=== Study material ===

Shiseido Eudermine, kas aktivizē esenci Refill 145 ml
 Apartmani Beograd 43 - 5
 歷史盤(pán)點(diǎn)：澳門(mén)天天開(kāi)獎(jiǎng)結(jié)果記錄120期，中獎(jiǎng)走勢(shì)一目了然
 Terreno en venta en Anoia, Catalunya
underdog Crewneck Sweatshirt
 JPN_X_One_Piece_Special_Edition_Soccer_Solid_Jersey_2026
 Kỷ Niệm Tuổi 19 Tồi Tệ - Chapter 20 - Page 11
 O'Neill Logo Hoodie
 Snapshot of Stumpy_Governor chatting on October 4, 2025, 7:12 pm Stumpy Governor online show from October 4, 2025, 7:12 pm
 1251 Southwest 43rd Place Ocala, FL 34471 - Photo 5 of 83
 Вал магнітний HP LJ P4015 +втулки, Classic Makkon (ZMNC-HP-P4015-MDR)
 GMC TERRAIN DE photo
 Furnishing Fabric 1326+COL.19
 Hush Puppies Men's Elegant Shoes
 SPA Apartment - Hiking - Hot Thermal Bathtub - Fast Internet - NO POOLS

===

### Task directions
Exactly the lines from the one containing "GMC TERRAIN DE photo" to the final line of the data, both included, should be printed, and nothing more.

### Exercise output
 GMC TERRAIN DE photo
 Furnishing Fabric 1326+COL.19
 Hush Puppies Men's Elegant Shoes
 SPA Apartment - Hiking - Hot Thermal Bathtub - Fast Internet - NO POOLS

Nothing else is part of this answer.